The Progressive Student Organization staged a rally Friday in front of Morrill Hall to protest rising tuition rates at the University.
The rally, which attracted about 15 people, was intended to protest University President Nils Hasselmo’s U2000 plan, which is designed to keep the University competitive with comparable top-30 research institutions. PSO says the corporate-minded agenda of U2000 will ultimately deny lower-class and minority students access to the University.
Students “are supposed to be the focus of this University,” said PSO member Rebecca Pera. “Take a look at who you’re targeting. You’re not targeting General College, you’re not targeting the working class. (U2000) is turning this university into an (aristocratic) institution.”
The PSO was calling for the Board of Regents to enact a tuition freeze and examine decreasing it in the near future.

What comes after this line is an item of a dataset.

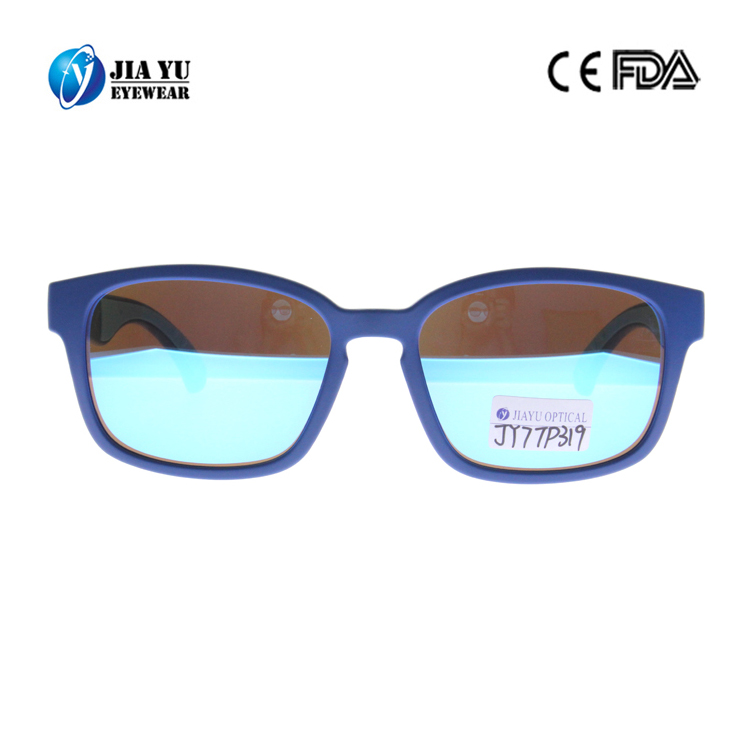OEM Factory New Style Plastic tr90 Frame Blue Revo Lens Sunglasses With Rubber Tips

During the recent MSA election, a PSO-sponsored resolution calling on the Board of Regents to freeze and consider lowering tuition passed with 1,576 yes votes to 118 no votes.
The board was in Duluth for its monthly regents’ meeting Friday.

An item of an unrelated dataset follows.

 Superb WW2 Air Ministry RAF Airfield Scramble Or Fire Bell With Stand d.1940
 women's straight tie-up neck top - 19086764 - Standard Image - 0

Minnesota Student Association president-elect Jigar Madia attended the rally but did not make a speech as was expected. He said PSO should look at the issues in their totality.

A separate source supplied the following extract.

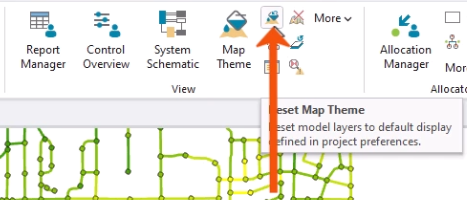 The View panel, with Reset Map Theme being selected and called out with a red arrow.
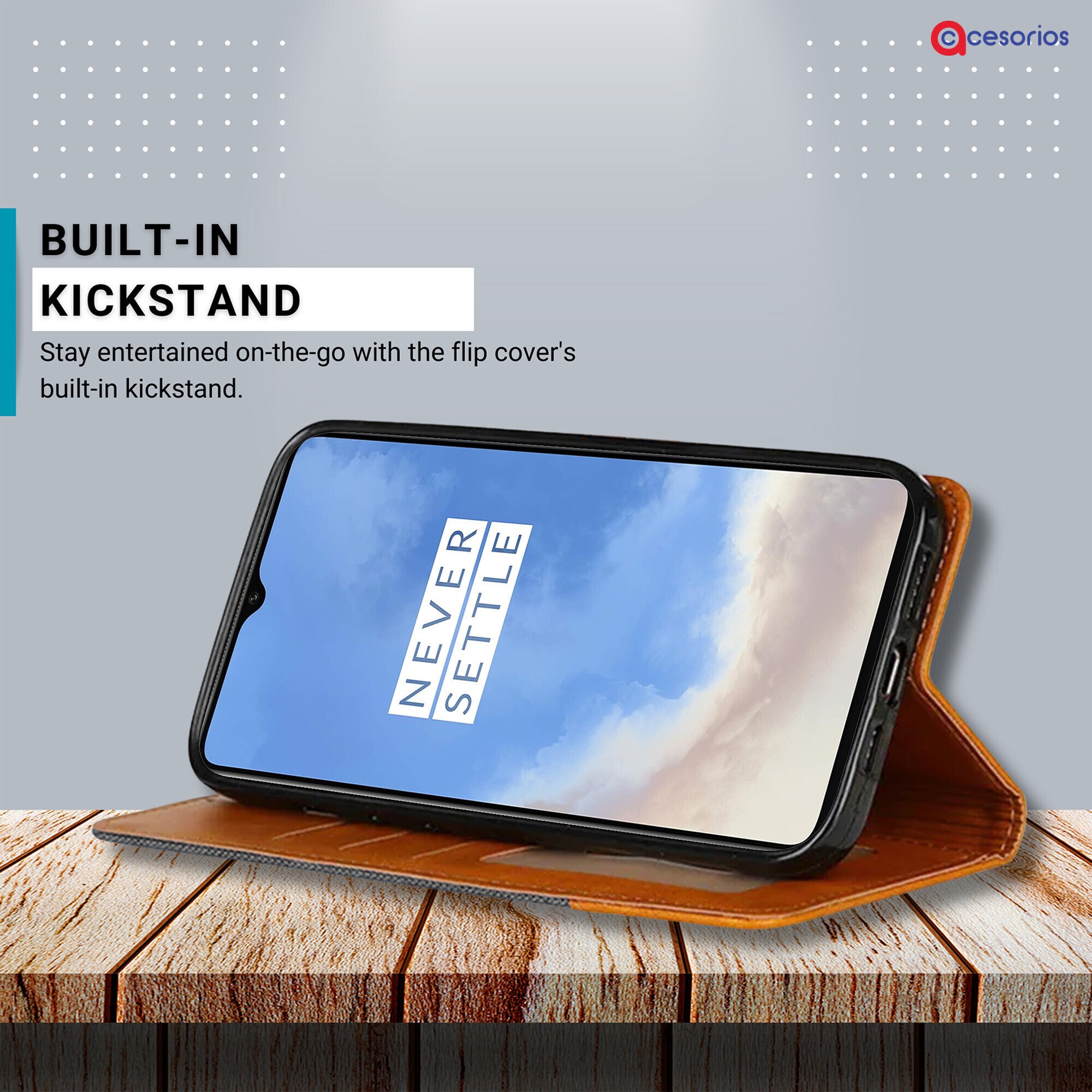 Accesorios Oneplus 7T denim flip cover – Grey – Image 4 #color_grey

“I admire the passion with which the PSO goes about pursuing their fight for students,” Madia said. “But there are concerns which the PSO doesn’t address. Tuition is complex; there are all sorts of groups that influence tuition: the Legislature, the administration, the students.”
Physics professor Erwin Marquit said U2000 is pushing more students into community colleges by raising tuition to levels unattainable by the lower-class.
“The U has a more special role than any other college in the metro area,” he said. “It combines research and education. Students need to have access to that higher quality.”
PSO claims that because of the increased costs, most students can’t make it through college without getting at least a 20-hour per week job, which affects their study time and therefore the quality of their education.
According to the Minnesota Higher Education Services Office, in 1993-94 when U2000 was first initiated, undergraduate tuition was $3,459. In the 1995-96 school year, undergraduate rates were $4,153.
Graduate Student Organizing Congress member Catherine Orr, who received her undergraduate degree from California State–Fullerton in the mid 1980s, said tuition levels here are unacceptably high.
“I used to pay $400 a semester (in California),” she said. “I don’t know how students do it here.”
The national average tuition for research institutions was $3,210 in 1995-96. Minnesota is the 12th most expensive public University in the nation. The University of Vermont is first at $6,801.
Orr said the University should look at cutting back its administrative costs instead.
“They should look at the amount of money spent on those CEO-type salaries for the administration,” she said.